Your answer must be an exact copy of the lines below, from the first through the one with "Opel Astra J Fuel injectors set 8973762703", with no pictures.

[Entries taken from a collection]
--------------------------------------------------

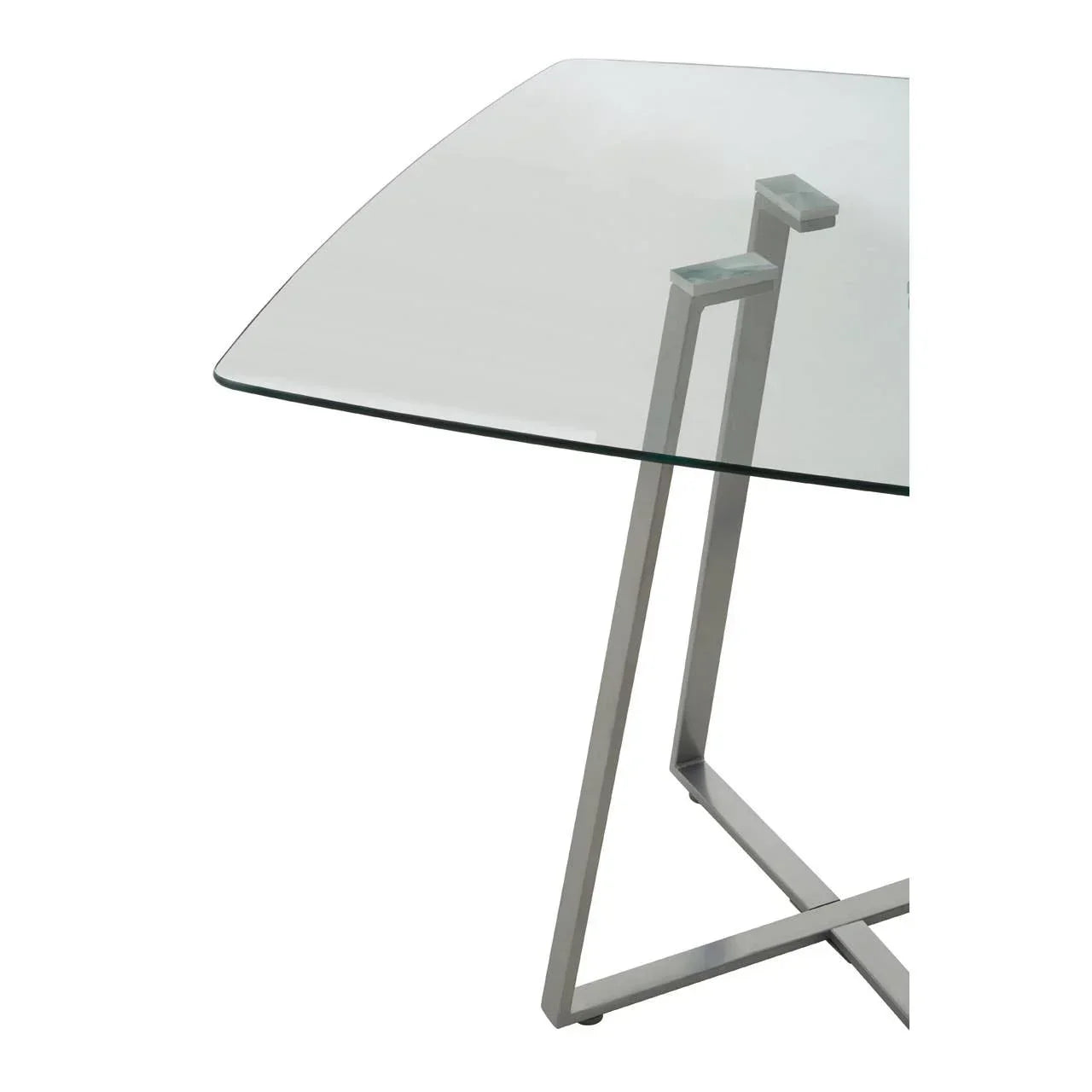 Glass dining table with square top and modern stainless steel legs, close-up corner view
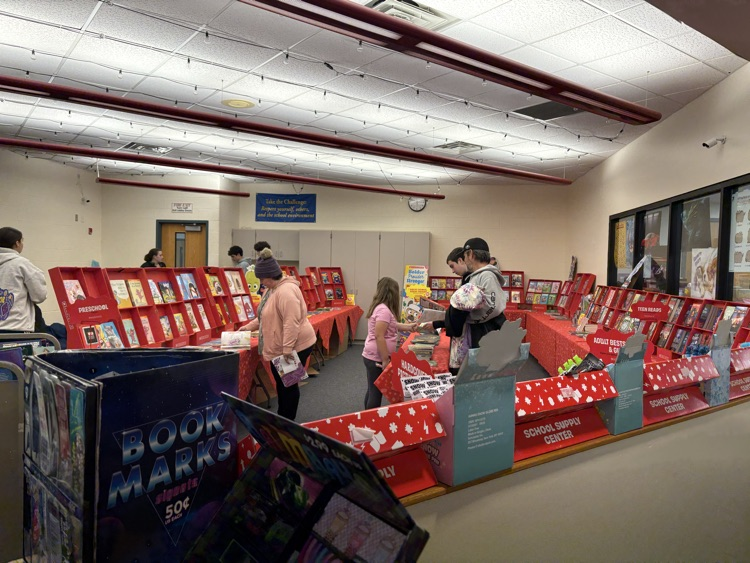 parents and students shop at the Book Fair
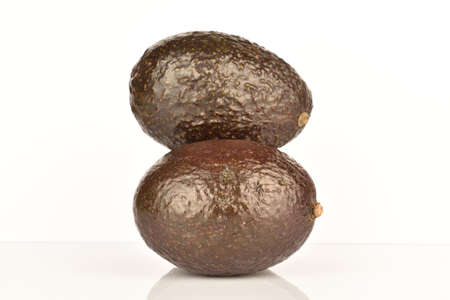 Two whole dark green rounded ripe tasty nutritious avocados on a white background.の写真素材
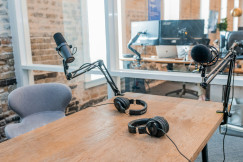 The photo presents a podcast recording setup with two microphones on adjustable arms and two pairs of headphones on a wooden table.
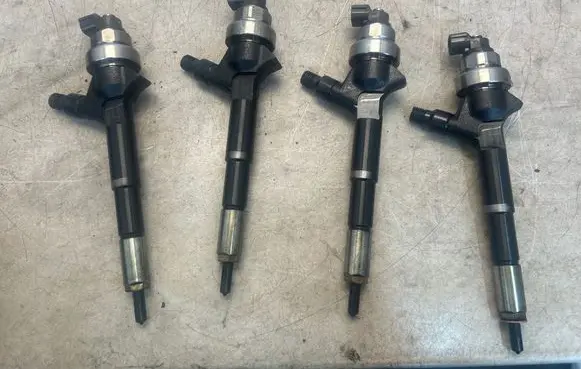 Opel Astra J Fuel injectors set 8973762703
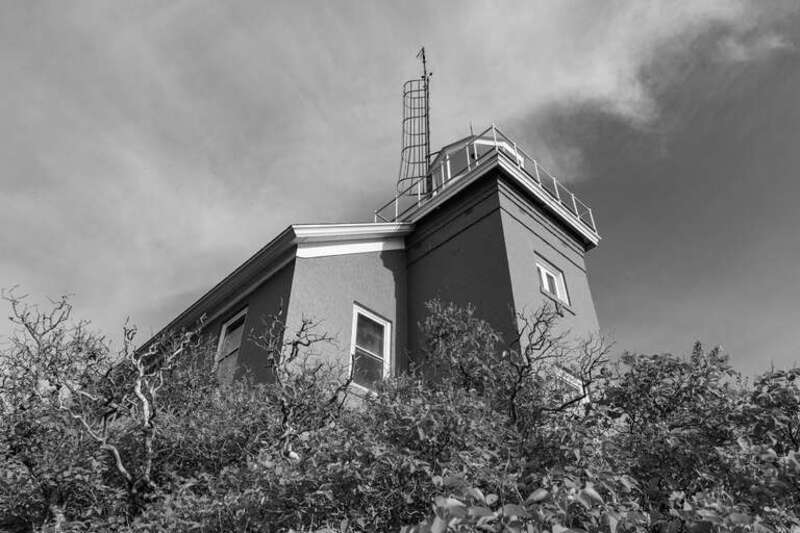 Marquette Harbor Light, Marquette, Michigan. Built: 1865. "Construction of the current structure began in 1865. The 11⁄2-story dwelling shares its design with the lighthouses on Granite Island, Gull Rock and Huron Island. It includes a set of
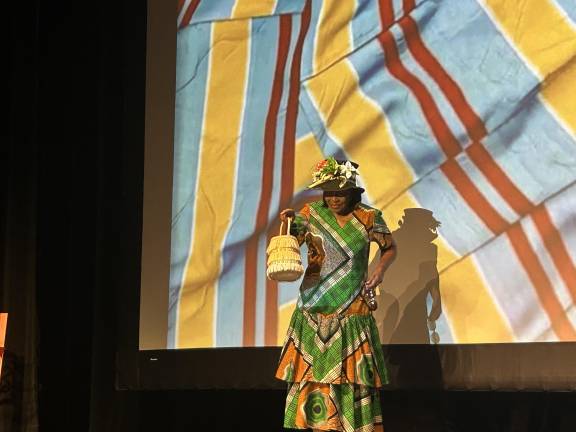 A model walks the runway in an outfit for city threads.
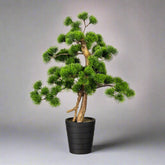 Zöld színű, mű fenyő bonsai fa, fekete színű műanyag cserépben.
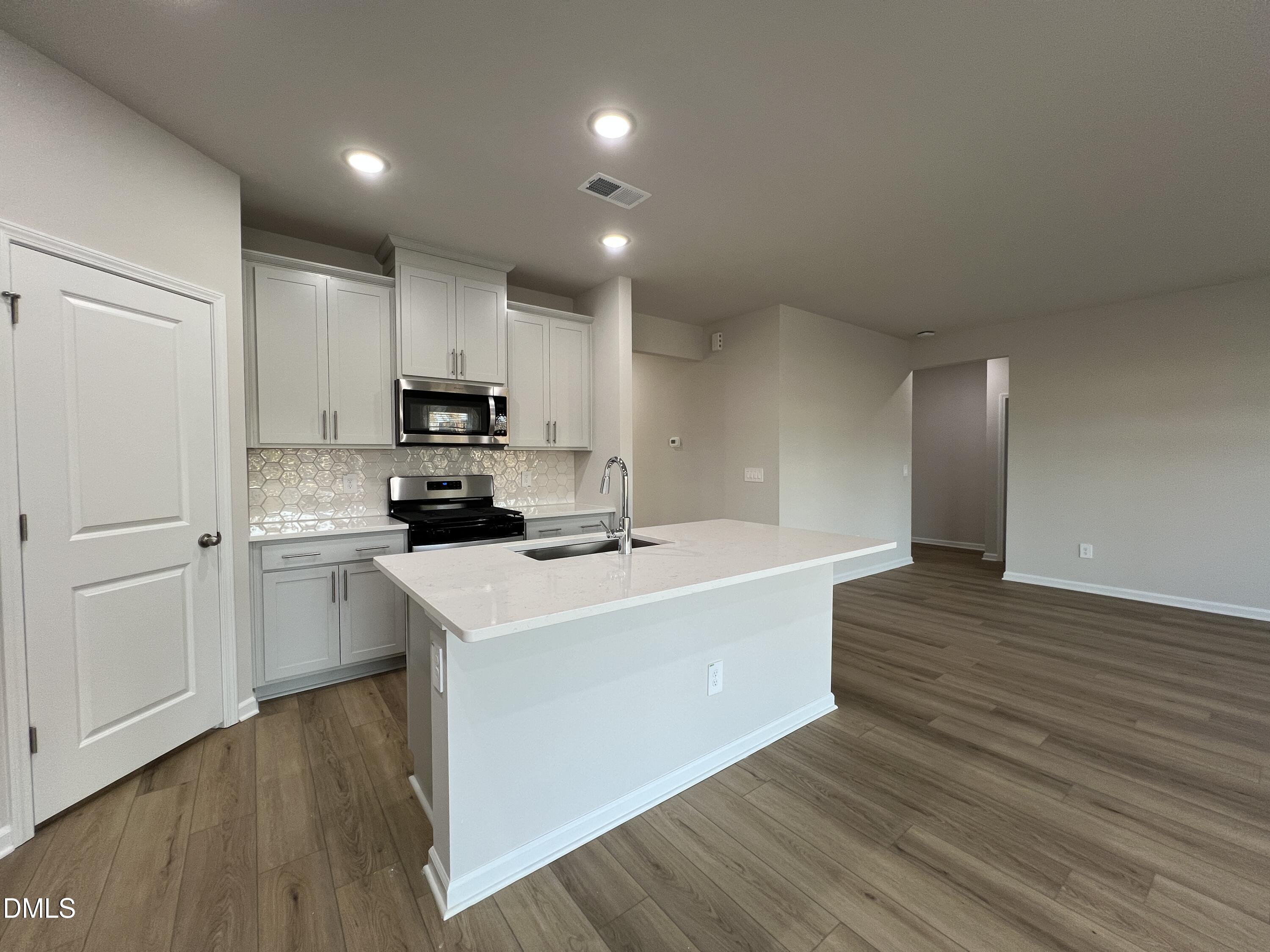 212 Thistle Patch Place Angier, NC 27501 - Photo 7 of 32 a view of kitchen with sink microwave and refrigerator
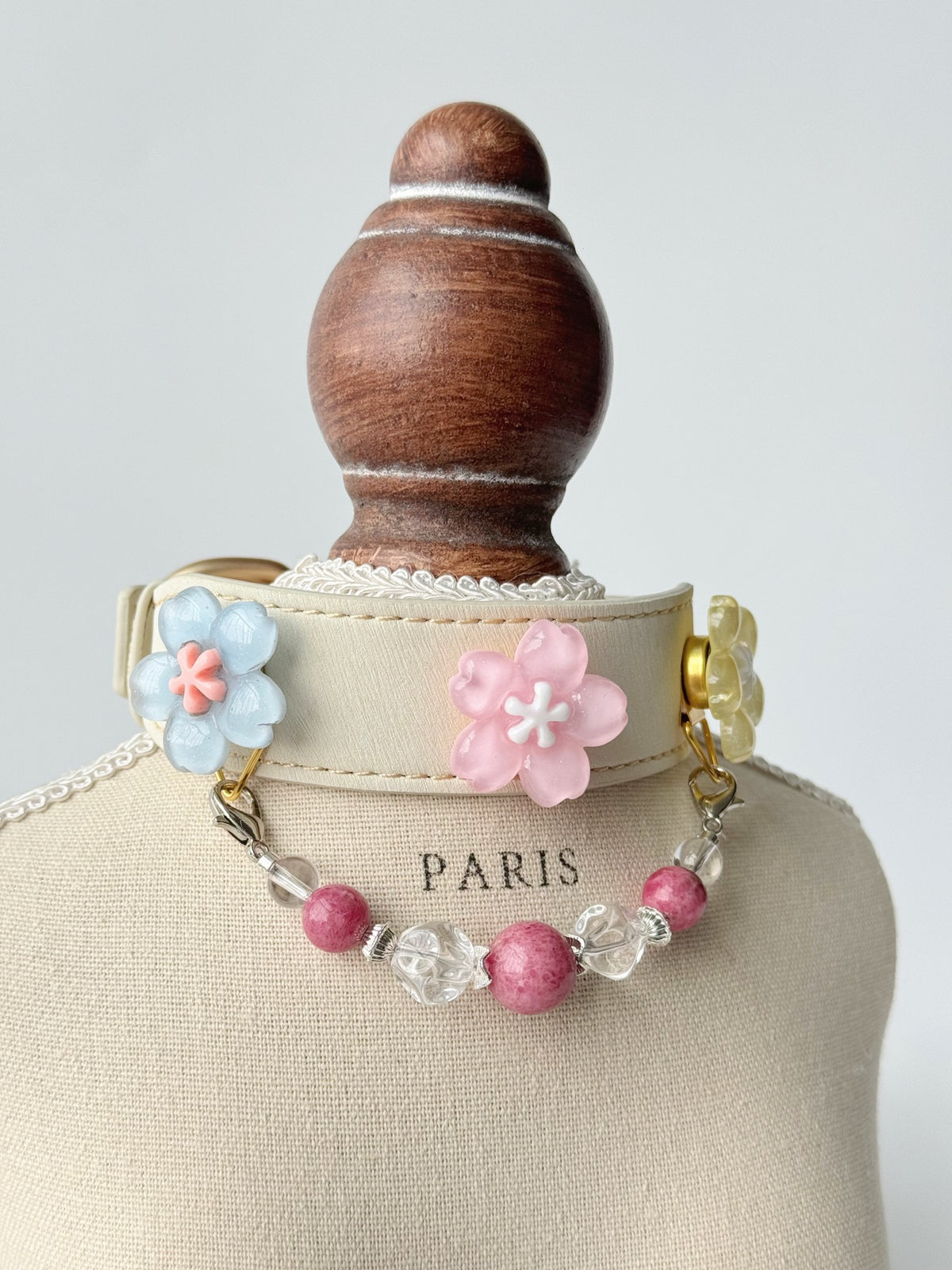 Pawlsle Trails Cherry blossom-themed pet collar set, featuring a beige microfiber leather collar adorned with a detachable, handcrafted chain of beaded gems—a floral-style accessory designed for cats as well as small, medium, and large dogs.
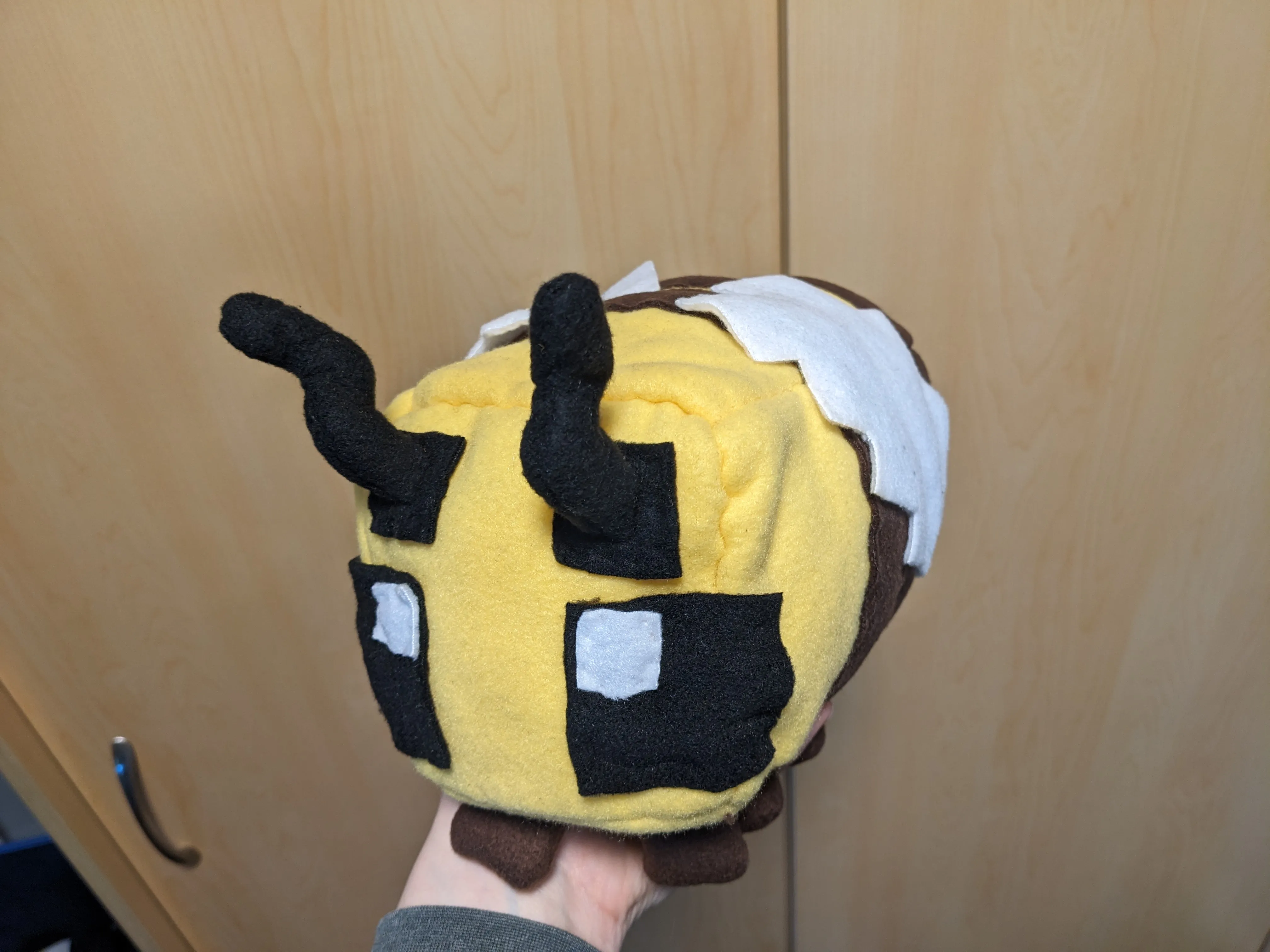 my hand holding my pushie minecraft bee at another angle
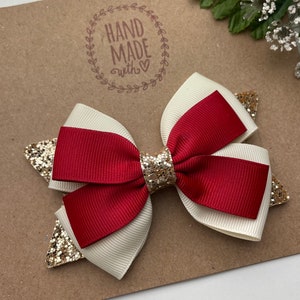 May include: A red and white ribbon bow with gold glitter accents. The bow is handmade and has a "HAND MADE with &hearts;" stamp on the background.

--------------------------------------------------

■ Task solution ■
 Glass dining table with square top and modern stainless steel legs, close-up corner view
 parents and students shop at the Book Fair
 Two whole dark green rounded ripe tasty nutritious avocados on a white background.の写真素材
 The photo presents a podcast recording setup with two microphones on adjustable arms and two pairs of headphones on a wooden table.
 Opel Astra J Fuel injectors set 8973762703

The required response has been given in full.